Top of Task material

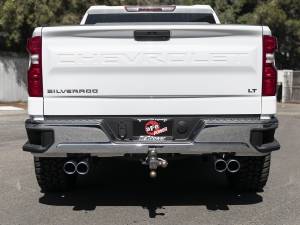 aFe Power - aFe Power Gemini XV 3 IN 304 Stainless Steel Cat-Back Exhaust System w/ Cut-Out Black GM Silverado/Sierra 1500 19-23 V8-5.3L - 49-34139-B - Image 8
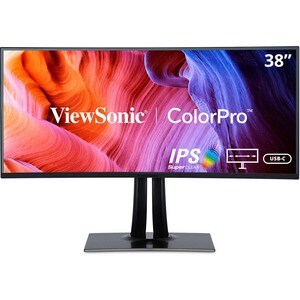 ViewSonic ColorPro VP3881a 38 Zoll Class UW-QHD+ Gekrümmter Bildschirm LED-Monitor - 21:9 Format - 95,3 cm (37,5 Zoll) Vie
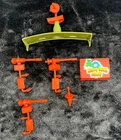 1989 TMNT Teenage Mutant Ninja Turtles Party Wagon Turtle Van Accessories LOT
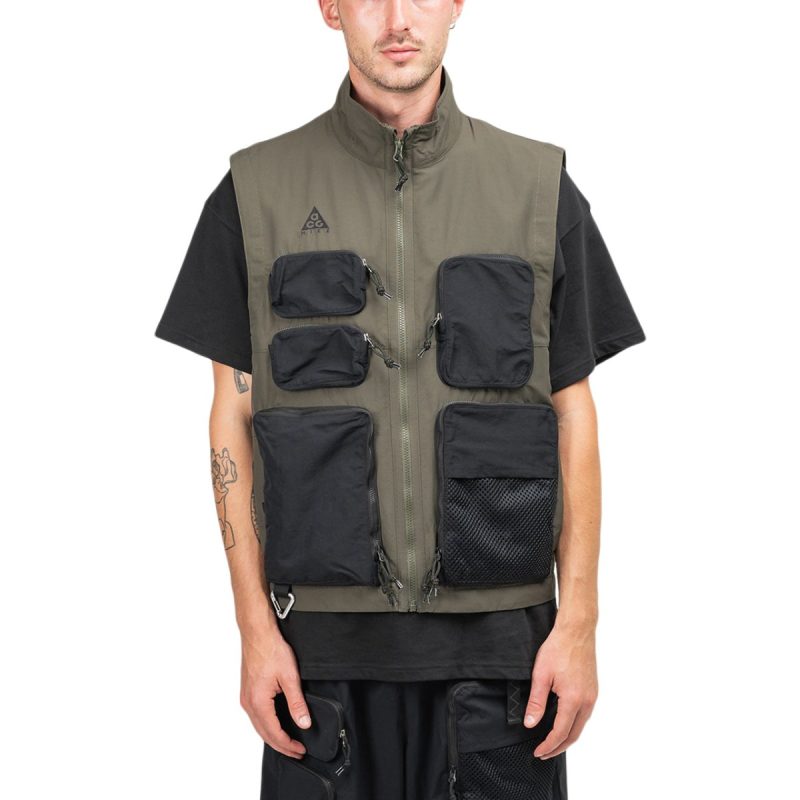 nike acg vest olive schwarz 329866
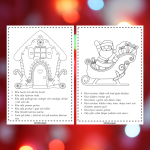 Läs och färglägg – jul - bild 2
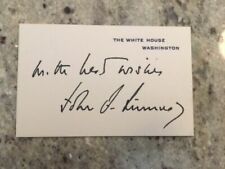 JOHN F. KENNEDY -- White House Signature Card -- VINTAGE ORIGINAL picture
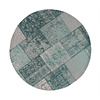 Teppich Patchwork Rund - Dreams Mint Türkis - thumbnail 1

Bottom of Task material

• Assigned task:
Please hand back every entry above exactly, with no images in the copy.

• Written answer:
 aFe Power - aFe Power Gemini XV 3 IN 304 Stainless Steel Cat-Back Exhaust System w/ Cut-Out Black GM Silverado/Sierra 1500 19-23 V8-5.3L - 49-34139-B - Image 8
 ViewSonic ColorPro VP3881a 38 Zoll Class UW-QHD+ Gekrümmter Bildschirm LED-Monitor - 21:9 Format - 95,3 cm (37,5 Zoll) Vie
 1989 TMNT Teenage Mutant Ninja Turtles Party Wagon Turtle Van Accessories LOT
 nike acg vest olive schwarz 329866
 Läs och färglägg – jul - bild 2
 JOHN F. KENNEDY -- White House Signature Card -- VINTAGE ORIGINAL picture
 Teppich Patchwork Rund - Dreams Mint Türkis - thumbnail 1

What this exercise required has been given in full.